The U.S. labor market slowed significantly in October, with nonfarm payrolls increasing by just 12,000 positions, marking the weakest increase since December 2020, according to the latest data from Bureau of Labor Statistics.

The unemployment rate remained steady at 4.1 percent, with the number of Americans without jobs holding relatively steady at 7 million. However, these figures reflect an increase in unemployment compared to the same period last year — 3.8%.

October’s employment summary not only revealed sluggish job growth, but also included significant downward revisions to previous months. August job gains were revised down to 78,000, and September’s original estimate was cut to 223,000. These revisions collectively reduced the previously reported job creation figures by 112,000.

Employment in the health care and government sectors, usually bright spots for the economy, continued to rise in October. Healthcare added 52,000 jobs, in line with the average monthly gain of 58,000 over the past year. In addition, government employment followed its upward trend with an increase of 40,000 positions, close to the average monthly gain of 43,000 over the past 12 months.

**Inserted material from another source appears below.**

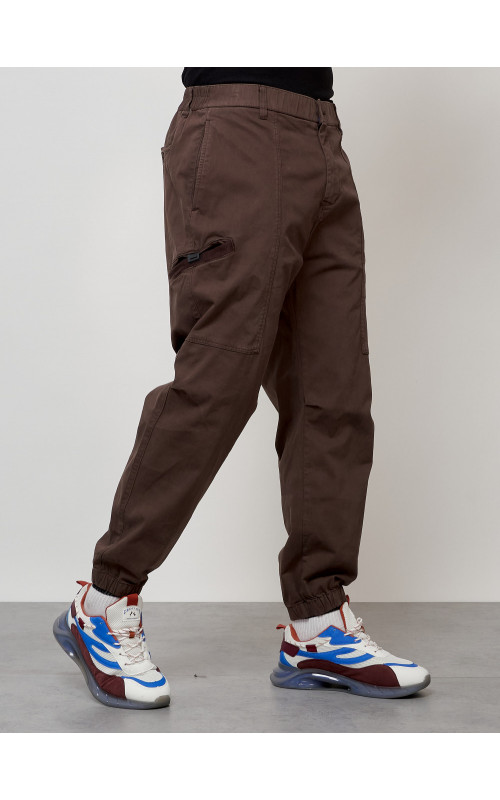 Мужские брюки карго с накладными карманами, коричневые в Тюмени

In the business and professional services sector, temporary help services saw a major decline of 49,000 jobs. Since peaking in March 2022, temporary help jobs have fallen by 577,000.

Moreover, manufacturing employment fell by 46,000 jobs last month, mainly because of a 44,000-job drop in transportation equipment manufacturing, largely attributed to strike activity, the BLS noted.

In a speech in mid-October, Federal Reserve Governor Christopher Waller addressed the potential impact of recent events on the October jobs report. He noted that two major factors—the recent hurricanes and the Boeing strike— would significantly affect employment figures.

Waller estimated that these events could reduce job growth by more than 100,000 positions for the month. However, he stressed that this substantial drop in employment would likely be “temporary” rather than indicative of a lasting trend in the labor market.

Boeing Strike

When the Labor Department conducted its surveys of households and establishments, about 44,000 U.S. workers were on strike. The majority of these strikers — about 33,000 — were Boeing machinists who began their work stoppage on September 13. It marked their first strike since 2008, following a decisive vote against a union-backed labor contract.

The striking workers are put to the vote on a new contract proposal on Monday. This enhanced offer includes a 38% salary increase over four years and an increased signing bonus. The union approved this proposal, informing its members that they had negotiated the best terms possible from Boeing. Union leadership indicated they had reached the limit of concessions they could get from the aircraft manufacturer, Reuters reported.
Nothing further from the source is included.